Tech Report did the only CFD benchmark I can find. It's at the bottom of the page here. The laptop chip is the i7-4950HQ. Notice it barely loses to the $1000 six core i7.

evcelica August 21, 2013 22:07

Thats interesting, the L4 cache seems like it helps a great amount with memory bandwidth intensive applications. Check this ArkIntel site where it lists the maximum memory bandwidth at 76.8 GB/s, even though its only two channel. That is exactly 1.5 times the SB-E XEONs 51.2 GB/s with four memory channels. That must have something to do with the L4 cache since the math doesn't add up anymore. I wonder if Haswell-E will feature a L4 cache? doubtful?

http://ark.intel.com/products/76085/...up-to-3_60-GHz

kyle August 21, 2013 23:13

If I know Intel, outside of laptops this feature will be exclusive to multi-thousand dollar Xeon CPUs.

wyldckat August 22, 2013 06:01

Perhaps Apple will jump on this for their next generation of MacMinis.

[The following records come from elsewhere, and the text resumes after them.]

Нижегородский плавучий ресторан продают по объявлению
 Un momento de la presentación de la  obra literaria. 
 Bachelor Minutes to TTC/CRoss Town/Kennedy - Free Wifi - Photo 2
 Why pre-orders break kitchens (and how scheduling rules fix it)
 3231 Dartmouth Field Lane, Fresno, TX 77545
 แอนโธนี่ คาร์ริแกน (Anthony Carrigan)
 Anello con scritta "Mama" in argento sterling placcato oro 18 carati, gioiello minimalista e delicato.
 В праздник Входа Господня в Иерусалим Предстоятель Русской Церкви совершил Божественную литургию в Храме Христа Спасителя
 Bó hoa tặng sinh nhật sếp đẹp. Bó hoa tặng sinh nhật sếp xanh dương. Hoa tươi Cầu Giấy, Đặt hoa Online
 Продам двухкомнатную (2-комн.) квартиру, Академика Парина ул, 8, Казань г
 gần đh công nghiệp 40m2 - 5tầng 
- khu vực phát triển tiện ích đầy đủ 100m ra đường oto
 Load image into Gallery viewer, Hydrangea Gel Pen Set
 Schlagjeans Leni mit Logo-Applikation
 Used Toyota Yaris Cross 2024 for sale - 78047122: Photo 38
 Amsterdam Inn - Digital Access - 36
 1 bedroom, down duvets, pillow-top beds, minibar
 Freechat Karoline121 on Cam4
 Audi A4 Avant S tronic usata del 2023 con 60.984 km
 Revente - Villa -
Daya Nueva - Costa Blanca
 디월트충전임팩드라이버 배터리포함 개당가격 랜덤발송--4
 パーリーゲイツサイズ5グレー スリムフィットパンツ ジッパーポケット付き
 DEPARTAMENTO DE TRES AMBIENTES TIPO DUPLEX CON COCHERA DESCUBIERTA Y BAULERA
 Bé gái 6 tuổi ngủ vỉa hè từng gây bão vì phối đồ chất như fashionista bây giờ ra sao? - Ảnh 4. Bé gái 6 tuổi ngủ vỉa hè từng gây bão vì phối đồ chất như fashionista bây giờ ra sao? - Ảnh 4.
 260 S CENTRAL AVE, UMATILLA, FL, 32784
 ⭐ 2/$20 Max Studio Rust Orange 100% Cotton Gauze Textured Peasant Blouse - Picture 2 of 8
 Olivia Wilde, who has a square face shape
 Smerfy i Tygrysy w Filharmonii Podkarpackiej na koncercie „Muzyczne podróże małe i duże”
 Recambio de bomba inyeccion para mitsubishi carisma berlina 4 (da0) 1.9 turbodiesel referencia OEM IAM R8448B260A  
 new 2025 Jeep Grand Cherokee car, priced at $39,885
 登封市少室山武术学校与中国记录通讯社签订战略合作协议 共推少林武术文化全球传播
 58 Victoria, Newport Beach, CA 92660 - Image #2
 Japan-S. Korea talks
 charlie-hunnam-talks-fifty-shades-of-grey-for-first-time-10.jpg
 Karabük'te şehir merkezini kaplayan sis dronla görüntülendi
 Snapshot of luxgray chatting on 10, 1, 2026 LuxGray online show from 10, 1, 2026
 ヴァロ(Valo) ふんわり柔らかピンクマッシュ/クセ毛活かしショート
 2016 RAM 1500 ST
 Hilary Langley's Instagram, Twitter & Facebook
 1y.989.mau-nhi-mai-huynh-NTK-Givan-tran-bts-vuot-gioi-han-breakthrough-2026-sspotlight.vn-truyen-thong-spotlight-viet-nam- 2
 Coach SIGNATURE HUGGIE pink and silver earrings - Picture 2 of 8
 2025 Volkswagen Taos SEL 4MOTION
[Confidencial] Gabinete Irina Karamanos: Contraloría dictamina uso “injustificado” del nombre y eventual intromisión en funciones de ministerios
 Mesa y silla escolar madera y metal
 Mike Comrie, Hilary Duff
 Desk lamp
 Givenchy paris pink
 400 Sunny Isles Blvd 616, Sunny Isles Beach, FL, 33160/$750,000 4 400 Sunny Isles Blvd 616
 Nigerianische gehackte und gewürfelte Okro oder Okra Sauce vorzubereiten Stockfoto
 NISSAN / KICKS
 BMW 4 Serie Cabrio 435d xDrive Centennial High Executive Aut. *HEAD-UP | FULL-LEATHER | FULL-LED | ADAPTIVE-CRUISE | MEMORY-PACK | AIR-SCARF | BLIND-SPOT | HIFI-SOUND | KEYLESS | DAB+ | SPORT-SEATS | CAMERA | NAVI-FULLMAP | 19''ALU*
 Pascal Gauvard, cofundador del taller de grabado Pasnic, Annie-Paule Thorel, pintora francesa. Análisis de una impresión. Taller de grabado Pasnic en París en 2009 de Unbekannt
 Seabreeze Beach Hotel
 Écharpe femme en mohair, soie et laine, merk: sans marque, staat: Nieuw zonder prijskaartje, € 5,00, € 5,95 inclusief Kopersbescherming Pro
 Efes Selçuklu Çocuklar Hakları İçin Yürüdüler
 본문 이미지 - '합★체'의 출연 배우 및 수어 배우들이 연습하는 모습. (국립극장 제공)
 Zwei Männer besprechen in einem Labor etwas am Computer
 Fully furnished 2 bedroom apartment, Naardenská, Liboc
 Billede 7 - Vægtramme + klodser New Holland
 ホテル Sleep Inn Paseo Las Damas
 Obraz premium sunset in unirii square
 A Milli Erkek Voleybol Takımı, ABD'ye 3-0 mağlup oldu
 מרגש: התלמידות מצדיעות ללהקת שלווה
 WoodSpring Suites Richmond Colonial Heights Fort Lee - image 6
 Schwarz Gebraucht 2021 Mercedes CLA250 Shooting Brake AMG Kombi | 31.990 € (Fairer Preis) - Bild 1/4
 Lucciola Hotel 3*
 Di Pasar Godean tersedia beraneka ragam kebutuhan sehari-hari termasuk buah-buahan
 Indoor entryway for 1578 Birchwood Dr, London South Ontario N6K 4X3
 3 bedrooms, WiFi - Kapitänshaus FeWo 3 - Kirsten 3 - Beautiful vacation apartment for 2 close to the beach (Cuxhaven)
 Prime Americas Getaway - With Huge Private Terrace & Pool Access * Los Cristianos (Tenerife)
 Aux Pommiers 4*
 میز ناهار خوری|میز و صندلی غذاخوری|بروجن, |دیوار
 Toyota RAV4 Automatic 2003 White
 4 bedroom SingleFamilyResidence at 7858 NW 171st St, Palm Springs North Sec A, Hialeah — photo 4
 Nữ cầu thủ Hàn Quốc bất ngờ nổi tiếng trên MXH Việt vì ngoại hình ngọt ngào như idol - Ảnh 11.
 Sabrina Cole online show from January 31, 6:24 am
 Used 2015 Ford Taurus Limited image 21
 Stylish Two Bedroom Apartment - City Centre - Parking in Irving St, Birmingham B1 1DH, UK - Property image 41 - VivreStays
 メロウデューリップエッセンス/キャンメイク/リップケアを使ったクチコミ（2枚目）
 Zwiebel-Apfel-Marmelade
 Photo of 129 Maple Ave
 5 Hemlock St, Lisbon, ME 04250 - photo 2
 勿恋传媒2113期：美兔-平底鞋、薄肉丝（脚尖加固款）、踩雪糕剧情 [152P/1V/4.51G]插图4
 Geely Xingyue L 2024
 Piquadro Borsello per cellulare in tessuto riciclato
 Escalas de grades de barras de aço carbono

Because no matter which hardware they launch this CPU on, I'm guessing it'll be the next PS3-cluster-like craze we've seen some years ago. Or even low budget consoles... I wonder if Valve will pick these up for their own Steam based console :D

But still, 128MB of RAM should require some special attention on the CFD software side, for properly scheduling memory accesses.

rmh26 August 24, 2013 14:21

http://www.anandtech.com/show/6993/i...950hq-tested/3

The first page has some nice latency and bandwidth numbers. The large data range bandwidth falls in line with the other data. It is only a small data size range( larger than L3 cache ~ smaller than 128Mb) that this shows improvement. Would be interesting to see some real number crunching data though. Most of the article is focus on gaming and that seems to be why they introduced this extra cache anyways. This is an OEM only part though and it seems like it will be awhile before they try introducing this on desktop/server parts if they decide to do that at all. It also seems like DDR4 won't show up until after broadwell comes out which is the die shrink of haswell.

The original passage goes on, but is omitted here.